— Recorded data —

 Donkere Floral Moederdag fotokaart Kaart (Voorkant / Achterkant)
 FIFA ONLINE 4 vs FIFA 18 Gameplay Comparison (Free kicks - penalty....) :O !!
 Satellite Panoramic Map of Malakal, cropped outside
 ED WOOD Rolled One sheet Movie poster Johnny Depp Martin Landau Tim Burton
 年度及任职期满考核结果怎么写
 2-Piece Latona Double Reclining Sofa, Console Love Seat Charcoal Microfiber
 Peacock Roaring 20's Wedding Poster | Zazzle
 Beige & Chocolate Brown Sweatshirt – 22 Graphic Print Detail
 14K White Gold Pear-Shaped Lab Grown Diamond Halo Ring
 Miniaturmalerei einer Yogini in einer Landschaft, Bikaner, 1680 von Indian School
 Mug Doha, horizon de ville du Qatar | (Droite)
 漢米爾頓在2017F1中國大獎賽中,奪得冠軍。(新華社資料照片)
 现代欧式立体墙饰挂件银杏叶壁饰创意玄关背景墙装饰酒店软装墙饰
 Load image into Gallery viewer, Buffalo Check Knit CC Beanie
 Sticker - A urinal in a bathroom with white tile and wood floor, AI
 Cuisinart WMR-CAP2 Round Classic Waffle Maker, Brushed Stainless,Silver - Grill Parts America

— Problem —
What you write must be the entries restated word for word, from the opening line through the one holding "Satellite Panoramic Map", with nothing else.

— Expected answer —
 Donkere Floral Moederdag fotokaart Kaart (Voorkant / Achterkant)
 FIFA ONLINE 4 vs FIFA 18 Gameplay Comparison (Free kicks - penalty....) :O !!
 Satellite Panoramic Map of Malakal, cropped outside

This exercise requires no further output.